3. The Court could dispense with this case on other narrower grounds, such as jurisdiction, because it is skeptical of this particular case’s connection to the United States

Jurisdictional rules exist because we want the reach of the law to extend to those entities with which we in the United States interact. We want to hold accountable the stores where we shop, the places that manufacture our goods and the people who spend time in our country, even if they attempt to avoid liability by incorporating in another country, or committing their bad acts elsewhere. Jurisdiction might be established, for example, because Royal Dutch Petroleum does significant business in the United States.

Rejecting this case on jurisdictional, or other narrower grounds, is the most palatable option of the three ways of turning back this case, because it recognizes that the justices’ concerns are to the particular facts of this case, and not to the Alien Tort Statute generally.

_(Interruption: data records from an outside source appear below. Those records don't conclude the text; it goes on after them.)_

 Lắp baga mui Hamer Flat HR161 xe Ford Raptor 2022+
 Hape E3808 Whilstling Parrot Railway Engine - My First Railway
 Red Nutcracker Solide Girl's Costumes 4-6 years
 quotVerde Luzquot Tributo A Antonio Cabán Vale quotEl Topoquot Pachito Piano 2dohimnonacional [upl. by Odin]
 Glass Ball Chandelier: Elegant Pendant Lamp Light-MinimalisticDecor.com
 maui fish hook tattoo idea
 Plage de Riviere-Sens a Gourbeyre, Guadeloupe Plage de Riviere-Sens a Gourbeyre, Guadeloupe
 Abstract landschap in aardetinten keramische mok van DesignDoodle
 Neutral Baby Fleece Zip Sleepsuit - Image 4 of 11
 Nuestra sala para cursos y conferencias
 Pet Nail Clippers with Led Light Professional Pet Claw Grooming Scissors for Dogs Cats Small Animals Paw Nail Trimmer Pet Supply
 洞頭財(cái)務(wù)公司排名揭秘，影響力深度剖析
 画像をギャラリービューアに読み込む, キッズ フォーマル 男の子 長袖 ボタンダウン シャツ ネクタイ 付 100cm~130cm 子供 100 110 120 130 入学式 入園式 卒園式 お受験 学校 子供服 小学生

Of course, this case arguably does have connections to the United States, or it would not have made it this far. But if the court finds otherwise, it should send back the case on those grounds, rather than setting precedent based on facts it doesn’t like that the Alien Tort Statute precludes all cases involving foreign human rights abuses. To do so would not only contravene the clear scope and intent in the statute; it would further incentivize any individual or corporation who wants to behave badly to simply do their dirty work elsewhere.